In recent years, there has been growing interest in the close formation of unmanned aerial vehicles (UAVs) within the UAV formation community [1,2,3,4,5]. Its potential benefits include improving coordination, reducing radar cross-sections, enhancing obstacle avoidance, and saving energy. In close-formation flight, the trailing UAV can utilize the upwash of the wake vortex induced by the leading UAV to increase lift and reduce drag [6]. As a result, the trailing UAV can save energy, which has been demonstrated through theoretical analysis [7], observed in wind-tunnel experiments [8], and confirmed by flight tests [9]. These works also indicate that a robust formation flight-control system with high accuracy and excellent performance is crucial to both the implementation of UAV close-formation flight and maximization of the benefits of the formation aerodynamics. This is because the flight stability of the trailing UAV significantly deteriorates after being disturbed by the wake vortex effect, which can lead to flight safety issues. Furthermore, the region within $10\%$ of the wing span of the optimal relative position is defined as the position range of the trailing UAV allowed by close-formation flight. Once the trailing UAV is unable to remain in the region and hold its position, more than $30\%$ of the benefits of the formation aerodynamics will be lost [6]. It should be noted that the optimal relative position is also called the sweet spot of the trailing UAV in close-formation flight.

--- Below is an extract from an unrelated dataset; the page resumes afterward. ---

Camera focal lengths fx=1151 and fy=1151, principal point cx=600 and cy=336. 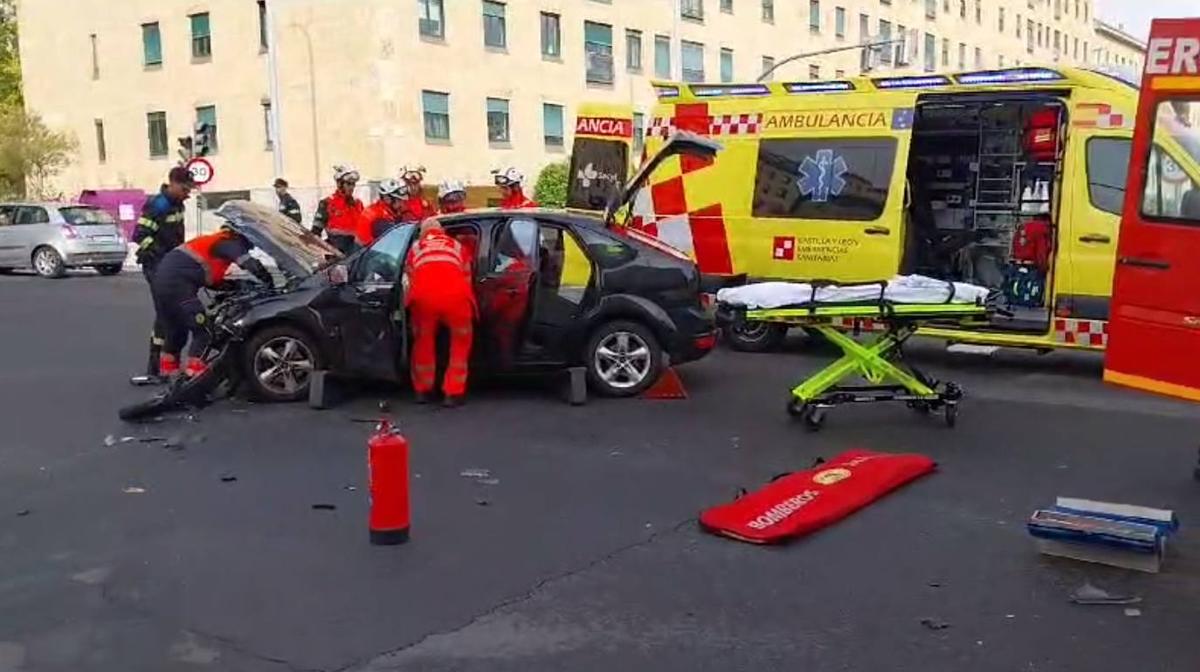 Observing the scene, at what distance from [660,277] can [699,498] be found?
320cm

The design of robust close-formation control systems has been investigated using various methods, including adaptive control [10], backstepping control [11], sliding-mode control [12], robust control [13], etc. In adaptive control, the predictions for the wake vortex effect must be availabel to counteract it online. However, the adaptive law is only able to address the matched portion of the wake vortex effect. Backstepping control is generally employed to stabilize the nominal model of the trailing UAV since the method itself is not robust. To further realize the dynamic compensation for the wake vortex effect, backstepping control needs to be combined with a disturbance estimator, which will complicate the structure of the control system and increase the difficulty of tuning the control parameters. Compared with the above two nonlinear control methods, sliding-mode control and robust control are robust to the wake vortex effect. However, they require a priori knowledge of the gradients and boundaries of the wake vortex effect for proper control gains to guarantee stability. Furthermore, the robust close formation control systems developed using these two control methods cannot work in the optimal state most of the time since they are unable to dynamically compensate for the wake vortex effect. Therefore, these designs are relatively conservative for close formation flight.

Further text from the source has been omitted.